In this workshop, you will build an Alexa skill that queries metrics from a data lake, which you will define. The goal after leaving this workshop, is for you to understand how to uncover Key Performance Indicators (KPIs) from a data set, build and automate queries for measuring those KPIs, and access them via Alexa voice-enabled devices. Startups can make available voice powered analytics to query at any time, and Enterprises can deliver these types of solutions to stakeholders so they can have easy access to the Business KPIs that are top of mind.
This workshop requires fundamental knowledge of AWS services, but is designed for first time users of QuickSight, Athena, and Alexa. We have broken the workshop into three sections or focus topics.
These are:
- Data Discovery using QuickSight
- Building Data Lake analytics in Athena (based on objects in S3) to generate answers for Alexa
- Building a custom Alexa skill to access the analytics queries from Athena
We expect most attendees to be able to complete the full workshop in 2 hours.
To help keep moving through the sections in case you get stuck anywhere, we have provided CloudFormation templates and sample code.
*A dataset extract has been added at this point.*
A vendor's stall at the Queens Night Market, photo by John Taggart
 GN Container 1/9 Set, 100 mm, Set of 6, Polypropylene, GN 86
For those feeling creative, many sections also have Bonus Sections where you can build additional capability on top of the workshop.
Feel free to engage your workshop facilitator(s)/lab assistant(s) if you'd like additional assistance with these areas.
You can also contact @WestrichAdam or @chadneal on twitter if you have additional questions or feedback.
Please make sure you have the following available prior to the workshop.
- Amazon Developer account (Free) Note This is different from a typical AWS workflow.
- AWS Account with admin or full access to all services
- Using QuickSight requires Signing up for QuickSight
We have provided a CloudFormation template to create baseline resources needed by this lab but are not the focus of the workshop. These include IAM Roles, IAM Policies, a DynamoDB table, and a CloudWatch Event rule. These are listed as outputs in the CloudFormation template in case you want to inspect them.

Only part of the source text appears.